I am so so stuck in between a pimp and I hard place. I know I have a boyfriend back at home, so why am I worried about other boys at Texas State. Is temptation knocking on my door or what?It feels like time after time, a boy wants to talk to me but, I know I have a boyfriend in Houston, but the guy is right here next to me. How can I not take this chance and talk to me. Are my feelings over powering my heart. What is really going on? I hate the fact that when I talk to my boyfriend on the phone, I feel as if I have cheated on him when all is do is hold conversations with other guys. The reason I probably feel the way I do is because of the feelings that I hold for these other people. Is there anyway tyo make anyof these feelings go away? I HATE HAVING FEELINGS FOR OTHER GUYS WHEN ALL OF MY FEELINGS SHOULD BE POINTING TOWARDS THE GUY I HAVE BEEN WITH FOR 6 MONTHS. Why is cupid making this so hard for me? Can he just so me mercy for this time being. I have enough going on with school in track on my shoulders. Idon't need Cupid weighing me down any more!!!

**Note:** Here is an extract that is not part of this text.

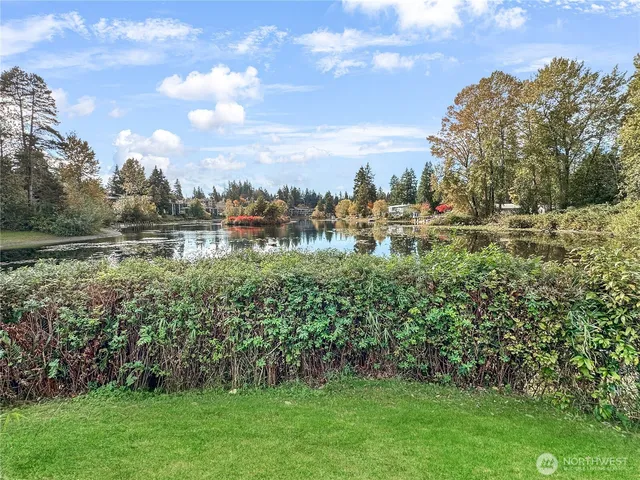 a view of a golf course with a lake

Thursday, September 07, 2006

SO SORE!!!

The pain feels like it will never go away. From the tip of my back to the end of my quads. Every inch I step feels like someone has just taken their fist and slapped it right on the back of my leg. Practice today wasn't all that bad, we did a couple of 200's then we went to the weight room. I think thats when all the pain started. As I started to lift, I felt myself getting stronger and stronger, but my muscles were getting weaker and weaker. All I kept thinking to myself is "is this pain ever going to be over?". After practice, I felt the need to treat myself for making it another day through practice. I went to the LBJ to grab a pizza and some cinnamon sticks. I sat for a little while to talk to some of the track people, as time went by, my muscles tend to relax, but when it was time to go, they said no. I felt so stiff when I got up, I could barely walk straight. What is wrong with me? Have I outdone myself or is this just a stage of getting stronger?Hopefully it will all wear over because this, this is painful!!!!!

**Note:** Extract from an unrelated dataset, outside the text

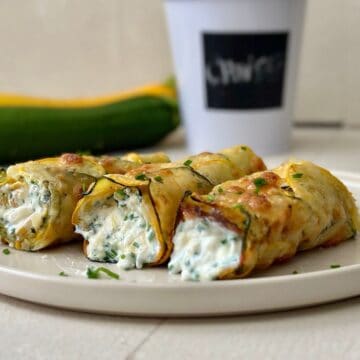low carb cottage cheese wrap with cheesy courgette base and chive filling on a beige plate.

Tuesday, September 05, 2006

Labor Day Weekend

My Labor Day Weekend was so much fun. I went home onm friday and got home about 9:00. On friday I didnt do anything but watch my nephew for a few housr unitl he fell asleep. I spent most of the day yesterday with my boyfriend, my play brother and his girlfriend. We went to the movies to go see CRANK. The movie was so boring. I wish I could have gotten my money back. Me and my boyfrind got into a deep conversation about marriage and kids. It kind of scared me at first because I didnt think I was ready for that kind of commintment yet, being that I just started college and trying to adjust for being away from my family and friends. As the conversation continued, he made some valid points, but I still needed some more time to think about it and get my head clear. I spent part of Sunday with my mom before she got ready to go to work. Then I took my nephew over to my boyfriends house so I wouldn't be by myself. I chilled and watched SpongeBob. Thry are both some big kids(well my boyfriend and my nephew of course). I hated to have to come back home on Monday. I was having so much fun being around my friends and family. But all I know is when Thanksgiving comes around, oh you better believe that everything is fixing to be on and crackin'!